Una de las muchas y dramáticas consecuencias de ser un pueblo que solo compra libros durante un día como el de ayer (de forma compulsiva y sin leerlos, of course) y de tener un sistema periodístico de crítica literaria-ensayista-cultural prácticamente inexistente es la de no poseer una noción básica de qué nos están explicando nuestros escritores; dicho de otra forma, de no disponer de ningún elemento clave interpretativo de nuestra literatura y, en último término y sin tanta pedantería, de no saber qué narices dicen las plumas que pretenden retratarnos como sociedad o suma de individuos. Afirmo que la carencia es terrorífica porque la literatura –especialmente la novelística, como saben muy bien los americanos– resulta no solo uno de los espejos fundamentales que explican la historia de una tribu, sino también un tanto por ciento enorme del pedestal en que se fundamenta su mística.

Desde hace un par de años, muchos de nuestros escritores (leed La casa de foc by Serés y Sola de Gurt) han situado sus personajes en la órbita robinsoniana del sujeto que se larga de la ciudad para encontrar sentido a la cruda naturaleza, lejos del caos de la vida urbana. El reverso de esta huida lo hemos encontrado en una especie de bildugnsroman familiar que utiliza el sotobosque de los matorrales para reencontrarse con la carnaza más esencial de las emociones humanas (acercaos a la poesía de Guilleries de Ferran Garcia o volved a un buen libro; Canto jo i la muntanya balla de Irene Solà). Se ha hablado, en sordina, de un retorno a la literatura rural y a las relaciones de poder más desnudas que hay en el origen del contrato social, filtradas en la influencia filosófica de dos tótems; Víctor Català y Mercè Rodoreda, una línea que culminaría, pasando por Faulkner, en Terres mortes de la genial Núria Bendicho.

Me tendría que releer todos estos libros (no puedo, por falta de tiempo y de dinero) y no tengo ninguna pericia en sociología de la literatura, pero diría que si existe un leitmotiv común en esta literatura no se tiene que pensar en la dicotomía urbano-rural, sino que aquello en analizar es precisamente esta pulsión por la huida emparentada por la búsqueda de un relato personal en el desierto de esta Catalunya nuestra del postprocés y de un mundo que se acaba (este ocaso es el protagonista real de la mejor novela de los últimos años; Els angles morts de Borja Bagunyà). Aparte de la literatura de nuestra casa, resulta sintomático que las generaciones más jóvenes de lectores (y especialmente de lectoras femeninas y feminizadas) busquen calor en unos relatos tan extemporáneos como los de la literatura victoriana. Más que huir para encontrar el grado cero del yo, diría que tanto literatos como lectores viven sedientos de moral.

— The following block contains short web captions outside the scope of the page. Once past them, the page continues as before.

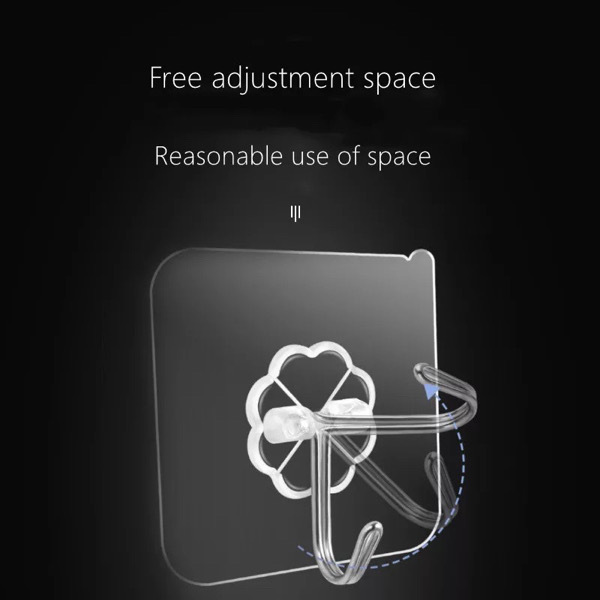 Transparent Hooks 10PCS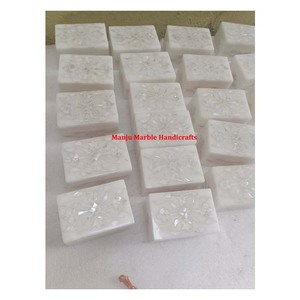 Beautiful Handmade Product Quality Marble Inlay <b>Box</b> With Mother Of Pearl Sea Shell Floral Handmade Art For Jewelry Storage <b>Box</b> - Product Image 5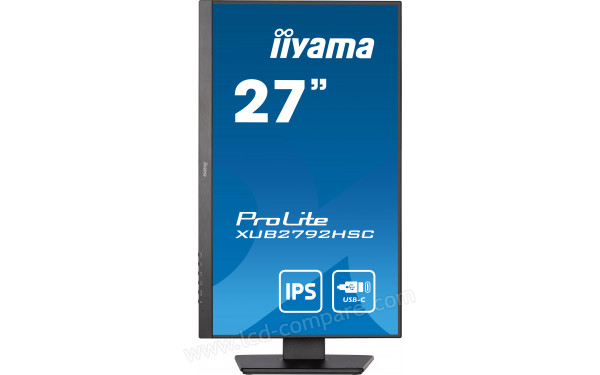 IIYAMA ProLite XUB2792HSC-B5 - Vue de face en mode portrait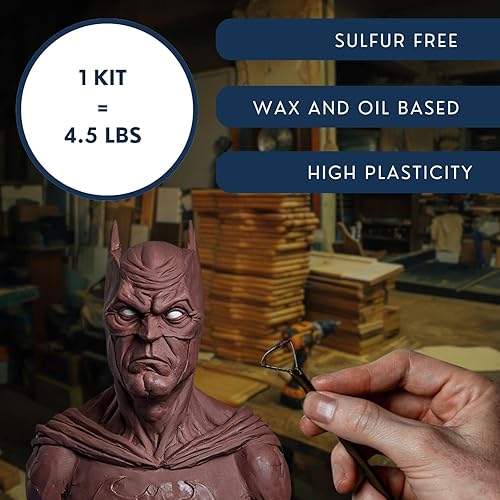 Miniatura 2 de Monster Clay Grado Premium Modeling Clay 5lb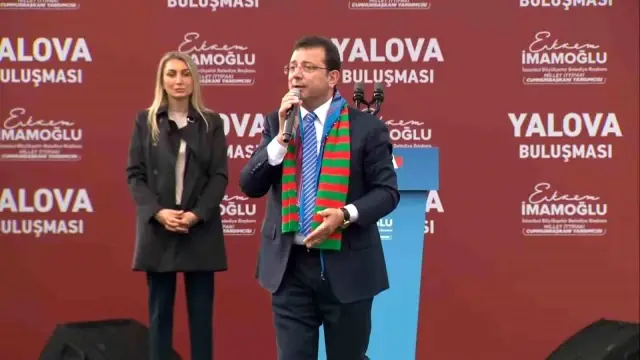 İmamoğlu, CHP'nin ortada bıraktığı Salman'a Yalova'da sahip çıktı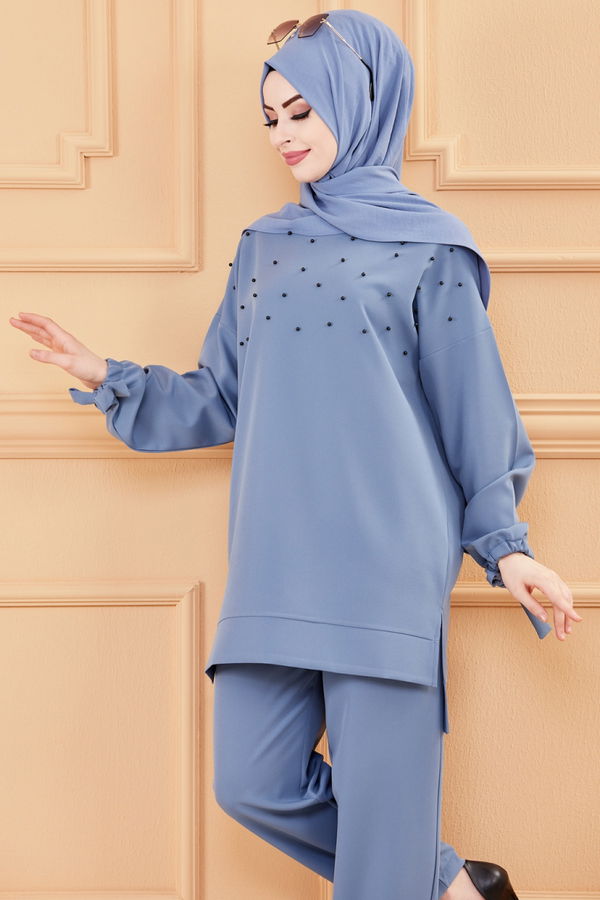TUNIK PANTOLON Mavi - 3502
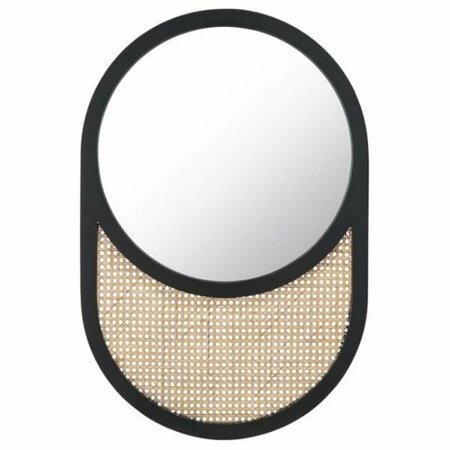 SAFAVIEH Danya Mirror Black & Natural MRR2019A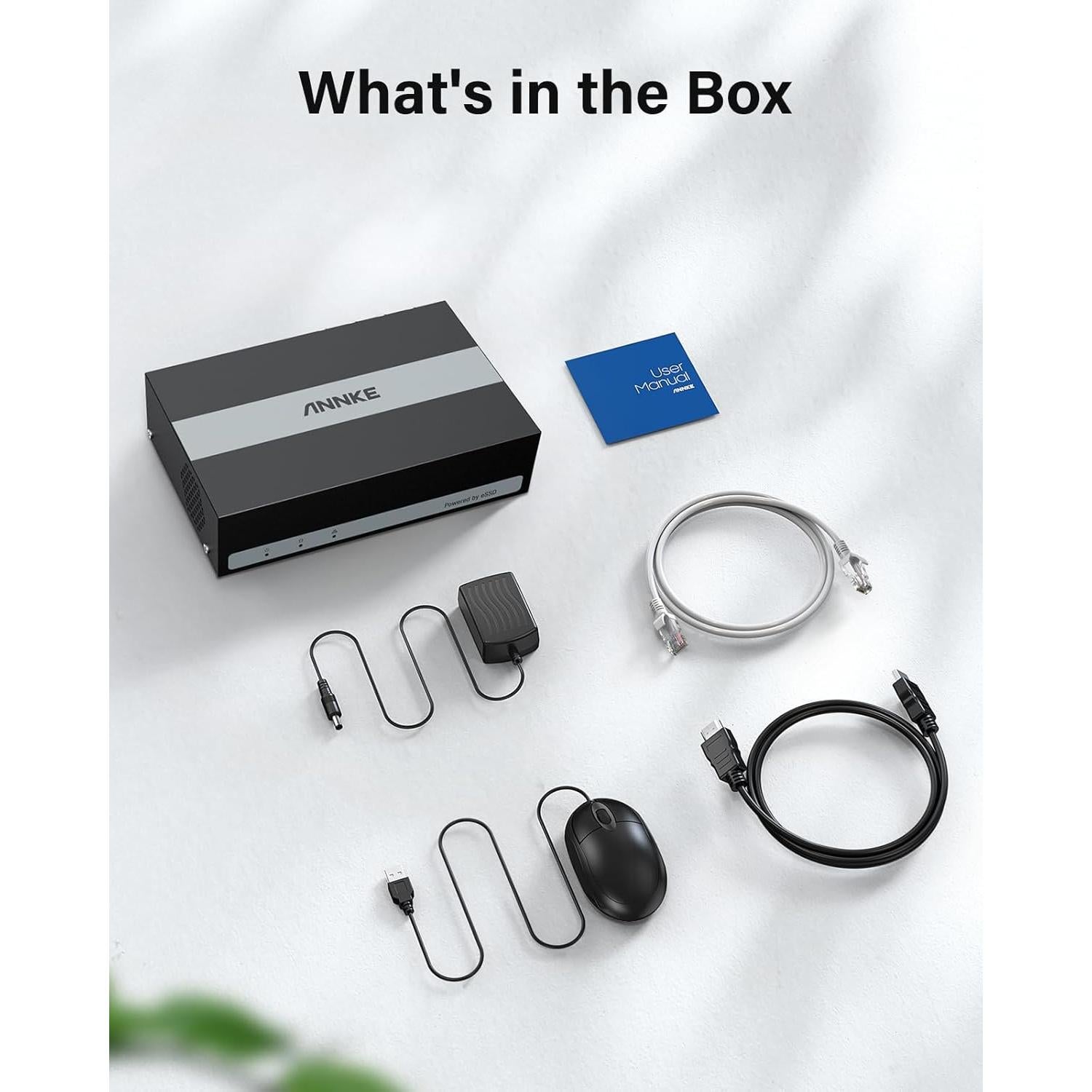 Grabador de Video Digital ANNKE 3K Lite 8 Canales 1TB eSSD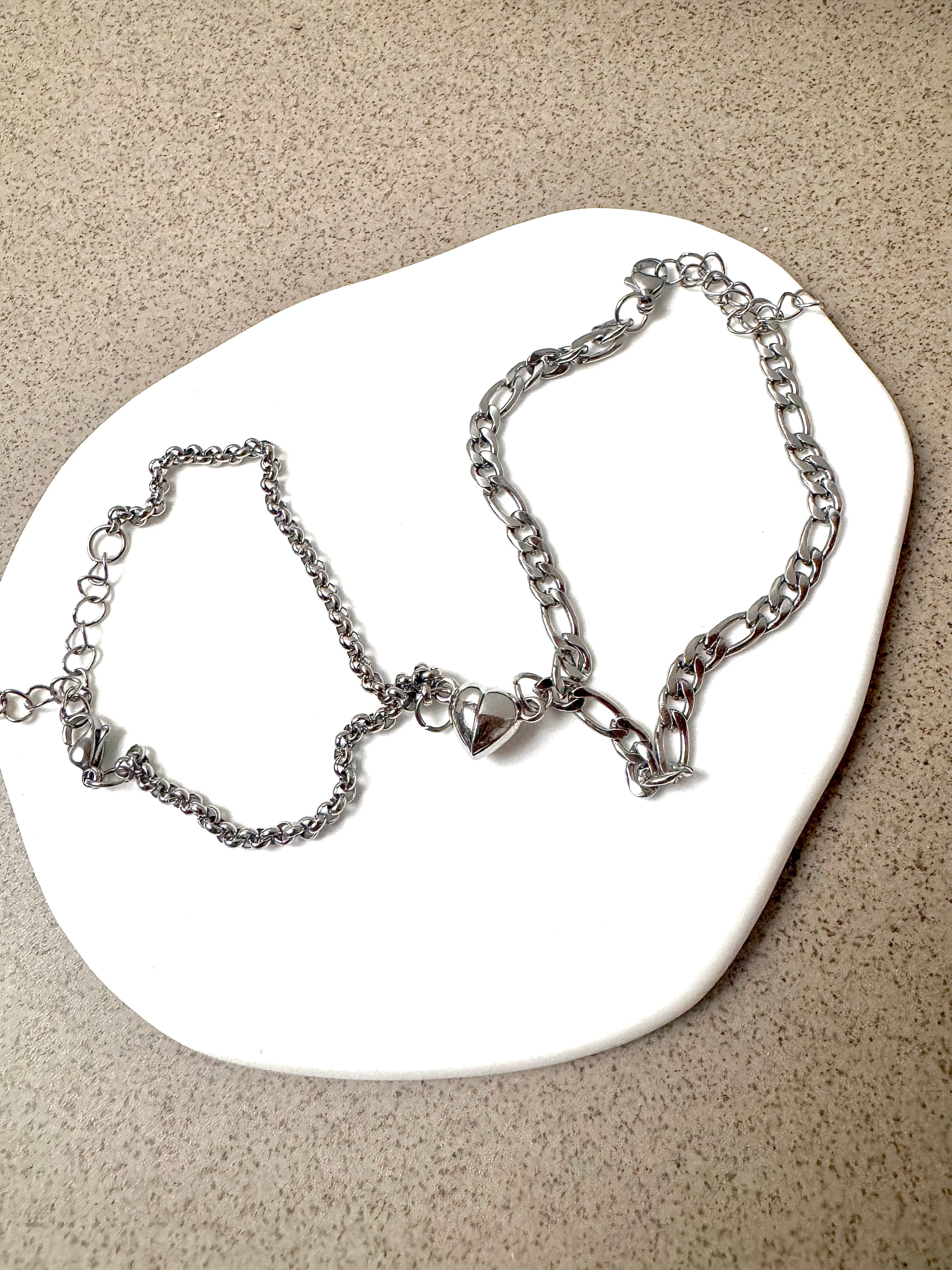 Magnetische Partnerarmbänder Herz I Armbänder I Armband I Partner | Set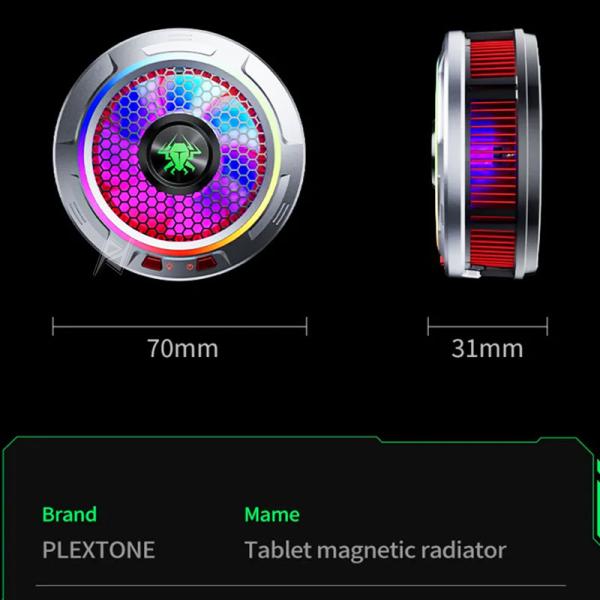 فن خنک کننده رادیاتوری آیپد و تبلت پلکستون Plextone EX3 Pro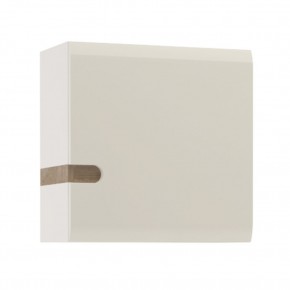 Шкаф навесной 1D/TYP 65, LINATE ,цвет белый/сонома трюфель в Озёрске - ozyorsk.mebel-74.com | фото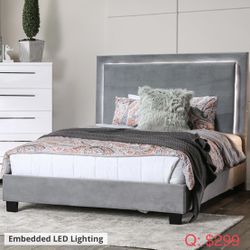 Queen Bed Frame With LED Lights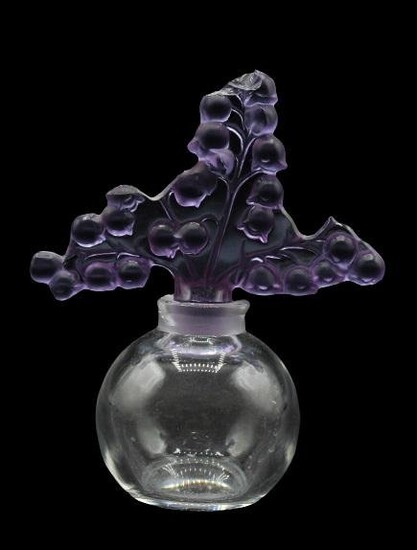 Lalique France Clairefontaine Perfume Bottle As is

El objetivo de la política junquerista-pujolista está claro; traumatizar a los catalanes para que acaben promoviendo una literatura moral que se parezca peligrosamente a la autoayuda y en que la huida del sujeto acabe aislándolo en la búsqueda patética de una autosuficiencia de segunda residencia.

Haciendo filosofía de tres al cuarto, resulta absolutamente normal que, después de la estafa independentista y ante la destrucción de todo aquello que a los miembros de mi generación les parecía sólido (política, universidad, cultura cívica, etc.), los personajes de la novela catalana sean unos bobos sin fundamento cultural que van a hacer autoterapia cerca del fuego, asaltados por escarabajos. Esta compulsión por encontrar una ética sólida después de la confusión la ha entendido perfectamente uno de los humanistas más maléficos de nuestro país, Oriol Junqueras, que ayer firmaba ejemplares de su (sic) libro Contra l’adversitat, un texto de autoayuda que tiene como nobilísimo objetivo superar las contrariedades y las mentiras provocadas por la misma clase política que representa tan bien su propio autor (es el único libro de los que os cito que no leeré; como entenderéis, no quiero ni tocar libros escritos por negros).

Que el Pujol del siglo XXI pervierta el discurso moral de una forma tan torpe y descarada mientras nuestros escritores luchan por edificar alguna cosa auténtica de los escombros del país marca una tensión cultural que, diría, se radicalizará de una forma exagerada los próximos años. El objetivo de la política junquerista-pujolista claro está; traumatizar a los catalanes para que acaben promoviendo una literatura moral que se parezca peligrosamente a la autoayuda y en la que la huida del sujeto acabe aislándolo en la búsqueda patética de una autosuficiencia de segunda residencia. Compadezco a nuestros escritores, porque la tentación de junquerizarse será tremebunda y tendrán que resistir el embate peligroso de la autocomplacencia y la cursilería cuando afronten la página en blanco. Deseo, honestamente, que salgan adelante, porque si aparte de una política putrefacta tenemos que aguantar una narrativa de autoayuda acabaremos fritos.